Pendant le trajet pour aller en psychomotricité, Jonathan nous suit mais Mamadi le
repousse avec son bras, comme s’il cherchait à lui signifier que ce moment avec nous, il ne
souhaite pas le partager.
En arrivant devant la porte du bureau, Mamadi s’effondre, s’allonge au sol en appelant
son institutrice : « Eva, Eva », écarte ses bras et met ses jambes en l’air. Nous comprenons
qu’il souhaite refaire le jeu que nous avions fait une fois lorsqu’il ne souhaitait pas aller en
séance avec nous. Nous le prenons donc chacune d’un côté et nous le soulevons pour le faire
sauter et disons : « 1, 2, 3 sauter ». Mamadi se met à rire et à crier en même temps.
Une fois dans le bureau, il se dirige vers le poste, objet qu’il investit depuis plusieurs
séances et qui semble l’apaiser. Il choisit de nouveau d’écouter le CD du cirque.
La psychomotricienne propose ensuite de jouer avec la pâte à modeler. Je commence à
ouvrir le pot pour l’inciter à m’accompagner mais il me le prend des mains et cherche à le
refermer. Il va chercher un tube rangé dans le placard avec lequel il avait pu jouer très
furtivement lors d’une séance précédente et peut enfin se mettre à jouer. Je fais des boudins et
il en fait un par imitation. Il demande où est un enfant alors qu’il manipule tranquillement la
pâte à modeler. Il prend ensuite un gros morceau de pâte qu’il essaie de faire rentrer dans le
tube avec l’aide de ses doigts et tente de le faire ressortir par l’autre côté. Mamadi s’amuse de
manière répétée à remplir et vider le tube de pâte à modeler.

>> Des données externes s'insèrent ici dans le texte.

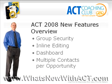So there you have it, the ACT 2008 Featured New Features Overview. That's group security, inline editing, dashboard, and multiple contacts per opportunity. Now, there are other new features, but these are the ones I felt were worth showcasing in these videos.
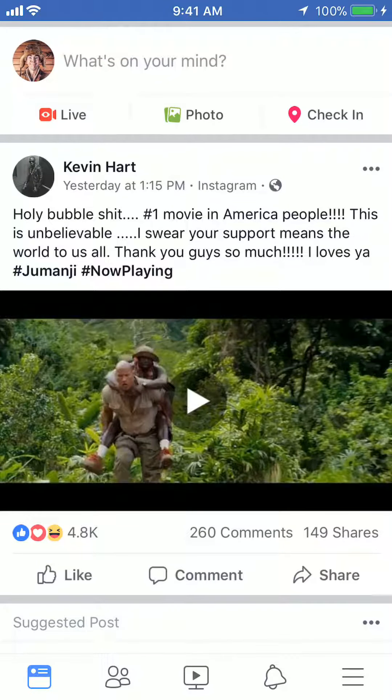Say if I would like to share this post made by Kevin Hart, what I'll do is scroll to the bottom of the post. There's the like button and it says share. Tap on where it says share.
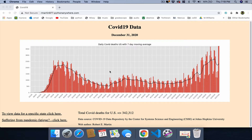Here on this home screen, what we can see is a chart showing what the daily COVID deaths were for the U.S. A moving average is computed as well, and that is displayed.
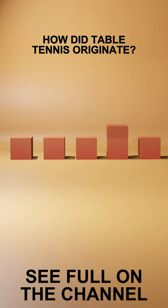Table tennis quickly spread to other European countries, becoming a popular pastime in homes, clubs, and schools. In 1920...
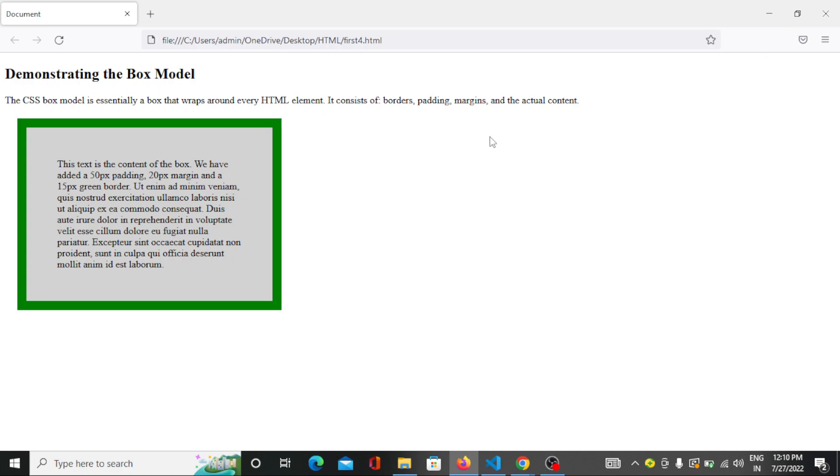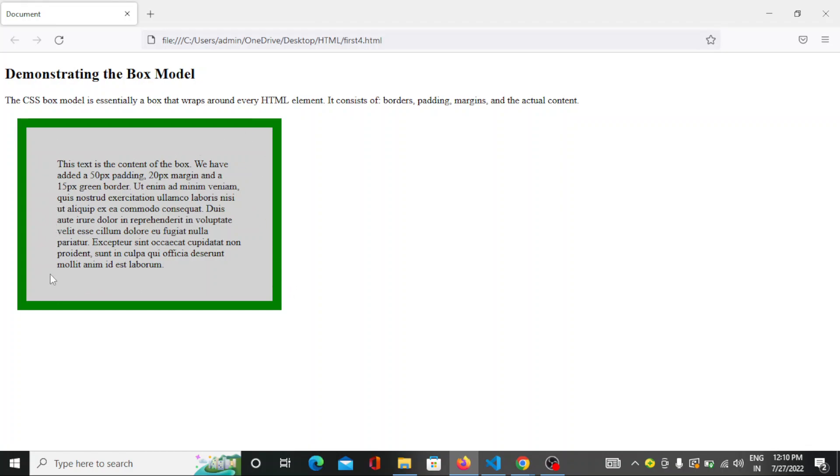So now you can see this is the content. Everything is written within this content area. After this, the outside of this content, this is the padding. This is what the padding is called.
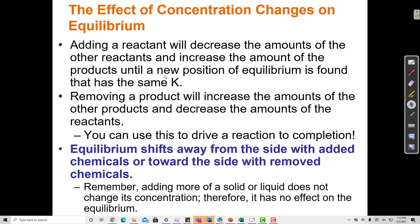Adding a reactant moves the reaction forward. If I remove a product, then I have fewer products than I need, so the reaction has to move forward and reactants have to be converted to product. There are two ways to drive the reaction forward: add more reactants, or remove product. Conversely, if I add product, the reaction moves backwards; and if I remove reactant, the system shifts forward to replace it. Equilibrium shifts away from the side with added chemicals, or towards the side with removed chemicals.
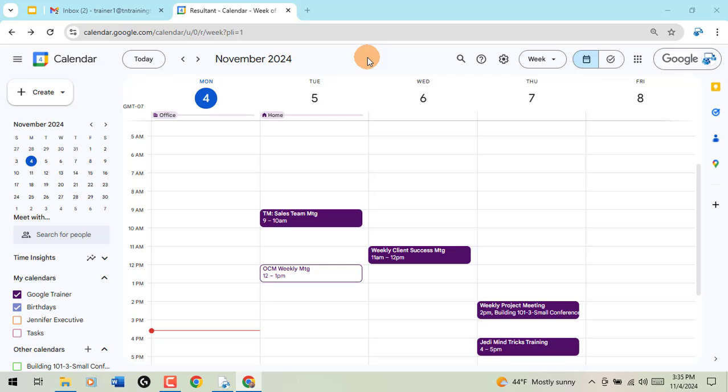But more importantly, the long-awaited feature, especially for me, is finally here. That is dark mode on your Google Calendar. You've been able to do it on the web for Gmail, Drive, and your different applications otherwise, but now they've added Calendar.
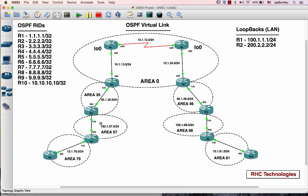The sub-areas include area 55, 68, 79, and 81.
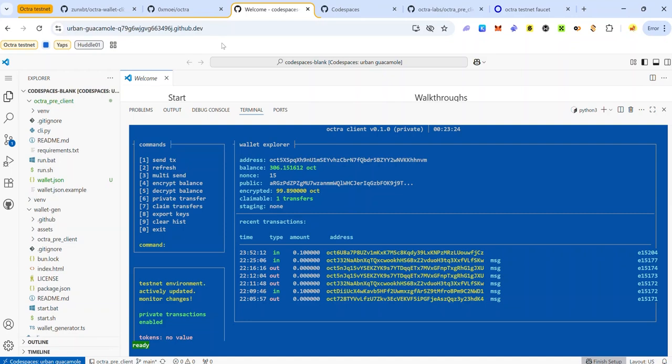The Octra pre-testnet is live and in this stage of the testnet we'll be using the command line interface, which is the CLI. In this video I'll be showing you how to join the Octra pre-testnet and complete the testnet tasks using GitHub Codespace.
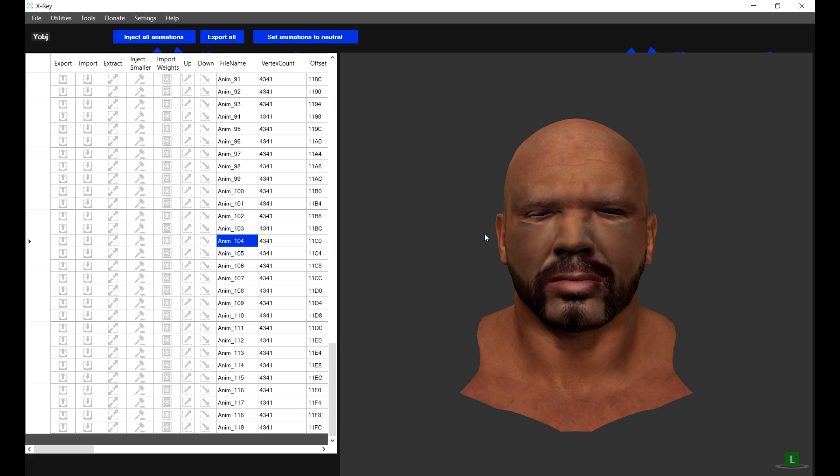Finally, as mentioned, this will only work if the UV positions are the same as the 2K19 models. So if you are building a fully custom head, you will need to use something like Wrap 3D. Watch out for a tutorial I will be creating on how to do this. That brings an end to the tutorial for today — I hope this has been helpful, and until next time, happy modding.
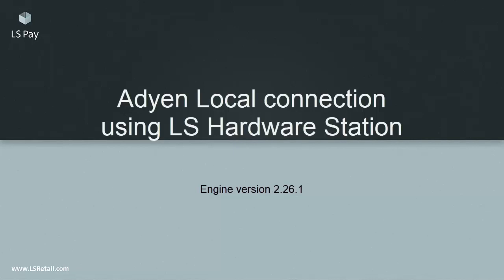After all this is done, we can be sure that the hardware station is connected to LS Pay and LS Pay is connected to the terminal.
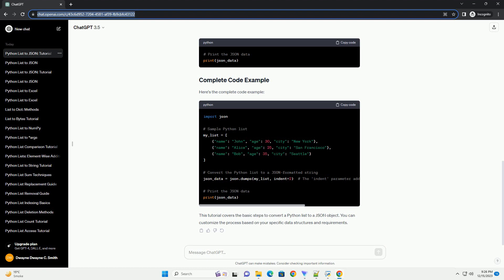First, make sure to import the JSON module, which is part of the Python standard library. This module provides methods for encoding and decoding JSON data. Let's start by creating a sample Python list. For this example, we'll use a list of dictionaries, but you can adapt the process for other types of lists.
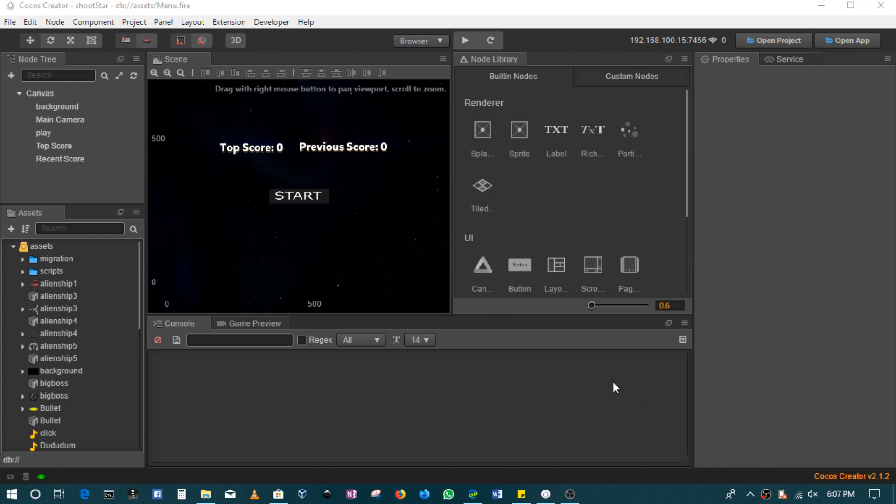Alright guys, welcome to this new section. In this section we'll basically be looking at publishing options in Cocos Creator.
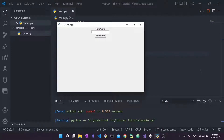Hello everyone and welcome back to my channel. This video is part two of my beginner tkinter series, where we're going through tkinter from scratch for absolute beginners. In each video we cover a small part of the tkinter GUI library for Python, and in this part we're going to be talking about labels, buttons, and entries.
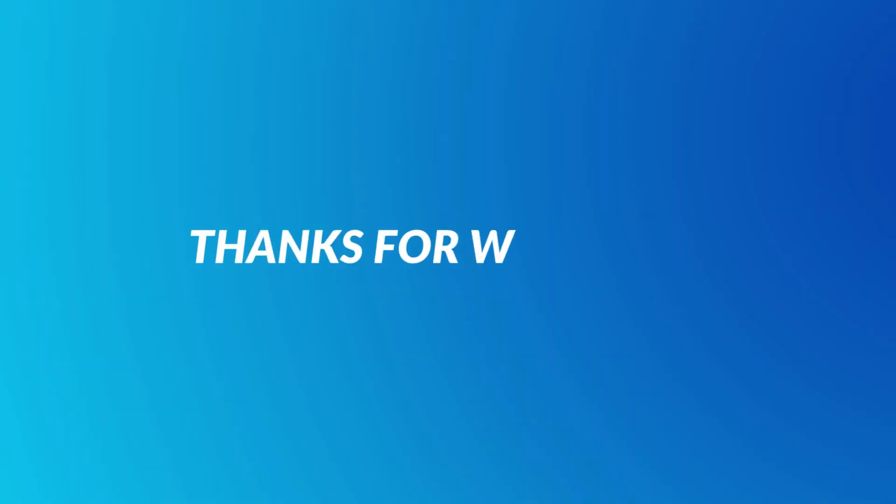There you are, the seven steps of the software development life cycle. Subscribe to our channel to watch more helpful videos about app development. See you next time!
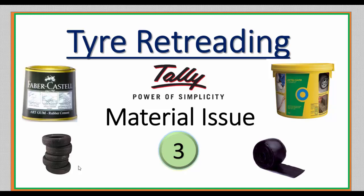Tire retreading in Tally from the previous job card is done. Now we need to send the material to the job work order. We send the old tires, bonding gum, re-thread pattern, and BV cement for the retreading purpose. This is the third video on how to easily enter this into Tally.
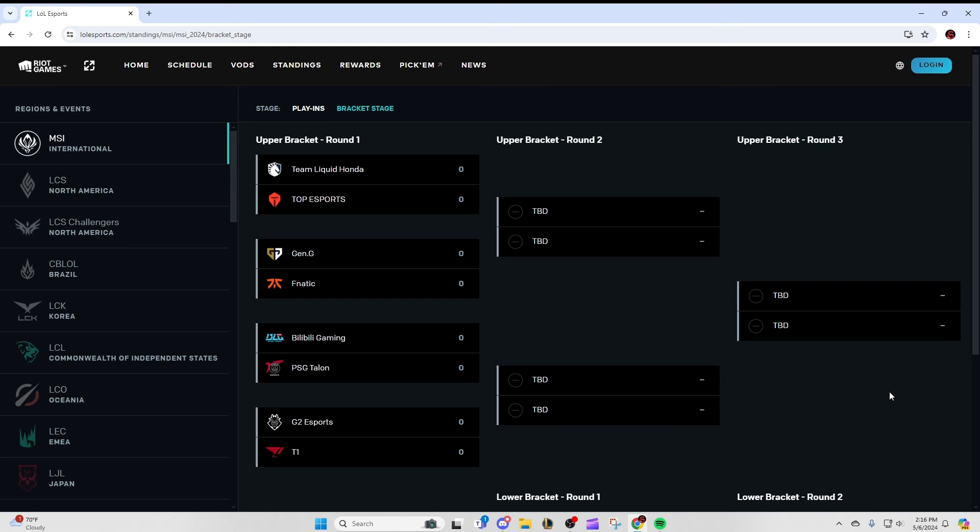And last but not least, by far the most exciting matchup in round one is G2 versus T1, the tried and true classic matchup back from 2019 semis, which was one of the most exciting MSI best of fives, one of the most exciting best of fives ever period. G2 and T1 always deliver really exciting games. So I think I'm just going to cut to the chase. Straight up, I'm thinking 3-2 for T1. I think this is going to be an extremely competitive series.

Puis nous allons dans la salle de jeu où nous avons disposé des couvertures au sol afin
de lui donner l’impression d’être davantage contenu et mis un sac de danse contemporaine qui
a seulement une ouverture au niveau de la tête. Il se saisit rapidement du sac de danse, se
glisse à l’intérieur et demande ensuite à fermer la porte de la salle : « Fermer la porte » qui
permet de la séparer la salle du bureau.
Puis il se dirige vers les ballons et cherche à enlever tous les bouchons avec sa bouche
et dégonfle un peu chaque ballon. Je lui dis qu’il peut également le faire avec ses mains mais
continue de le faire avec sa bouche. Il se met à enlever le bouchon du gros ballon mais
Sandrine le stoppe en lui disant qu’il ne faut pas enlever celui-là car c’est dur pour le
regonfler. Il réagit en disant « J’ai envie, j’ai envie ».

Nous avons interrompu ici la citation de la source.